§ INSTRUCTIONS TO FOLLOW
Quote the whole listing exactly. Leave the pictures out of your copy.

§ DATASET CONTENT

————————

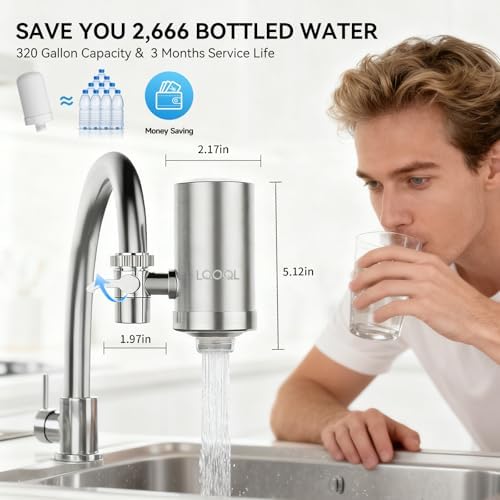 Water Filter for Sink Faucet, 304 Stainless Steel Water Purifier for Kitchen Sink, Reduces PFAS, Lead, Chlorine & Microplastics, 350 Gallons Long-Lasting for Kitchen & Bathroom, 2 Filters - Image 7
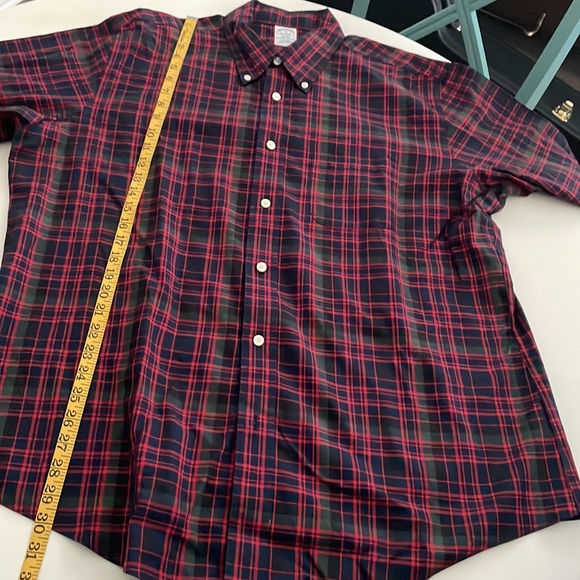 Brooks Brothers Plaid Red Green Navy long sleeve button down Shirt- XL - Picture 7 of 10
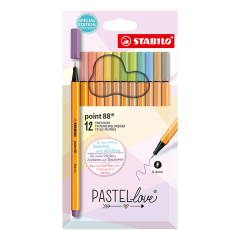 Liner STABILO point 88 Pastel Love, hrot 0,4mm - sada 12 ks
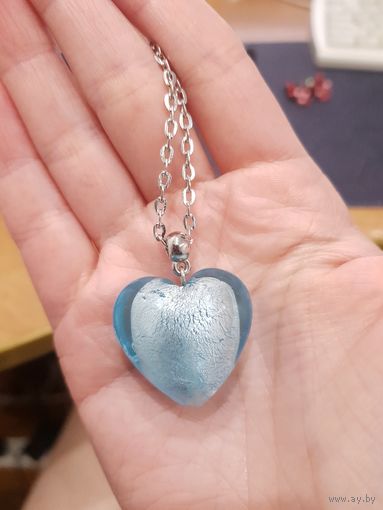 Лот С 1 РУБЛЯ! много лотов! Кулон 'холодное сердце', муранское стекло, сталь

————————

§ RESPONSE
 Water Filter for Sink Faucet, 304 Stainless Steel Water Purifier for Kitchen Sink, Reduces PFAS, Lead, Chlorine & Microplastics, 350 Gallons Long-Lasting for Kitchen & Bathroom, 2 Filters - Image 7
 Brooks Brothers Plaid Red Green Navy long sleeve button down Shirt- XL - Picture 7 of 10
 Liner STABILO point 88 Pastel Love, hrot 0,4mm - sada 12 ks
 Лот С 1 РУБЛЯ! много лотов! Кулон 'холодное сердце', муранское стекло, сталь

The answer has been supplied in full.